When I started working with computers on humanities tasks in the 1980s, some people were using mainframes but we decided to use separate PCs because we could control them ourselves, and not have to wait for our low-priority programs to run in the middle of the night, and because we could get at least some mass storage. But my work with Linguistic Atlas data always pushed the limits of storage, and of processing once we started using statistics. We were noticed by the U of Georgia Computing and networking Service when we tried to run statistics on their mainframe, and used more computing time than they realized we needed. While personal computers will always be our choice for data entry and writing/running small programs, we now have to have larger infrastructure for our large data sets and for Web distribution of our materials. This means cooperation with units in the university that manage bigger infrastructure than we can run in the office. It took a long time for us to realize that our natural partner was not the computing and networking unit at the university, but instead the university library. Many of our colleagues in the sciences need ultra fast processing, and that is what our Georgia computing administration has provided. But what we need in the humanities is the ability to create interactive programs to store and present great masses of information, and the library is the unit of the university whose mission it is to do that. My grant resources have helped the library to create the infrastructure that we need for the Atlas, and the library has gone even further to make such infrastructure available to others in the humanities. In Europe the situation is very uneven. I have heard of impressive humanities computing networks in Germany and Norway. Not so much, yet, in the Nordic countries even though there are lots of great digital humanities projects in Finland, Norway, and Sweden. Support for the digital humanities in England seems to have declined, for example with the demise of its digital humanities institutional organization and the removal of digital humanities from the Oxford Computing and Networking Service to the Bodleian Library. In Eastern and Southern Europe (perhaps with Italy as exception) the situation is much worse. The bottom line is that those of us in the humanities really have to have institutional partners for infrastructure. We cannot sit by ourselves with laptops in our ivory towers.

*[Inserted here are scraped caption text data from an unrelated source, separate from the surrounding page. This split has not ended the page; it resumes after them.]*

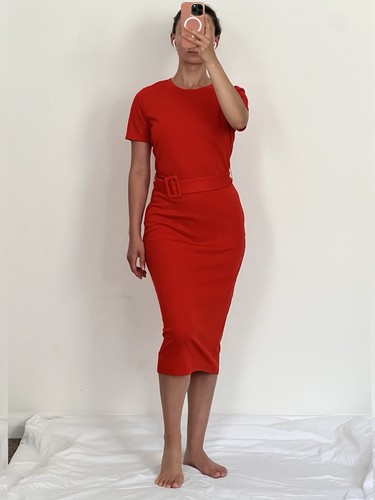 Zara red midi bodycon dress - red,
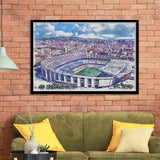 FC Barcelona Camp Nou Watercolor, Sport Prints Fan Gift, Framed Art Prints Wall Art Decor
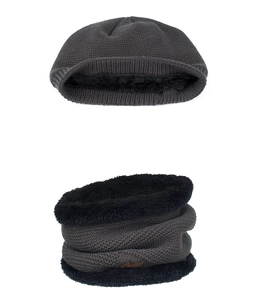 Detail of dark grey knit winter hat and neck warmer with thick black faux fur lining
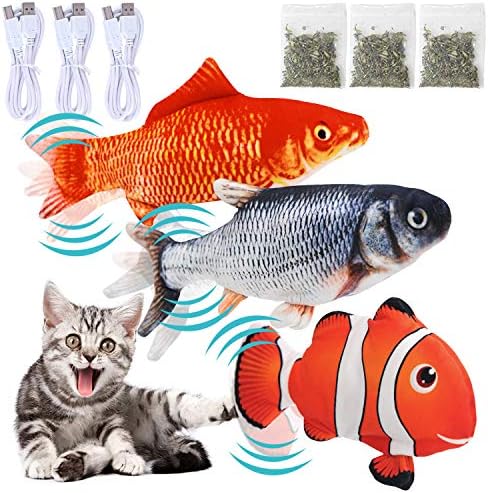 3 Опаковки Гъвкави Риба Играчка За Кучета, Гъвкава Риба Играчка За Котки Коча Билка Интерактивни Играчки За Коте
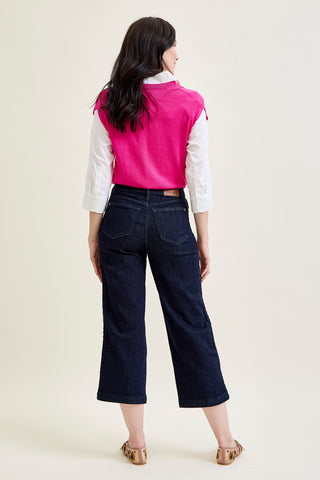 Diana High Rise Side Seam Braid Cropped Wide Leg Jeans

While cooperation is essential for building digital research infrastructures for the humanities, there is also always the difficult question of sustainability and maintenance. What happens after a project is finished – and what can we do to keep the digital resources sustained?

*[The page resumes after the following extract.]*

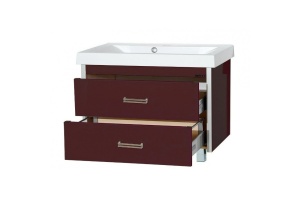 Тумба под раковину Misty Джулия Qvatro 105 бордовая глянцевая - 2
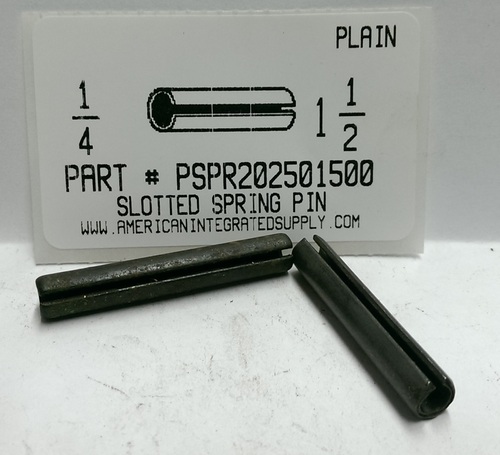 1/4X1-1/2 SLOTTED SPRING PIN STEEL PLAIN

The end of projects is inevitable. All of our digital humanities developments begin with smart people who dream them up and find a way to implement them. But those smart people are usually not followed by people quite as smart, or at least not as interested in the aging projects as the original inventors. When projects lose their momentum there simply is no current way to keep them alive, even as not-working images instead of interactive programs. I have tried to plan for this on the Linguistic Atlas Project by creating a maintenance-free part of our site, the Data Download Center, a file structure from which users can download all of our data.  Our interactive elements in the Web site will eventually go dark when there is nobody to maintain them. Our partner the library cannot afford to pay people to maintain our site. That’s been my biggest job over the decades, not to invent the tools and sites, but to find money consistently to pay for their maintenance and development. While we do not have access to as much grant money as natural and physical scientists do, not to mention medical professionals, there has been enough money for me to keep the office open for decades. But when I retire, none of that money will be coming in. The best we can hope for is that maintenance-free portions of sites will still be available even after the fancier parts that need maintenance have failed. Maybe this is a gloomy prediction, but at the moment I do not have a better plan.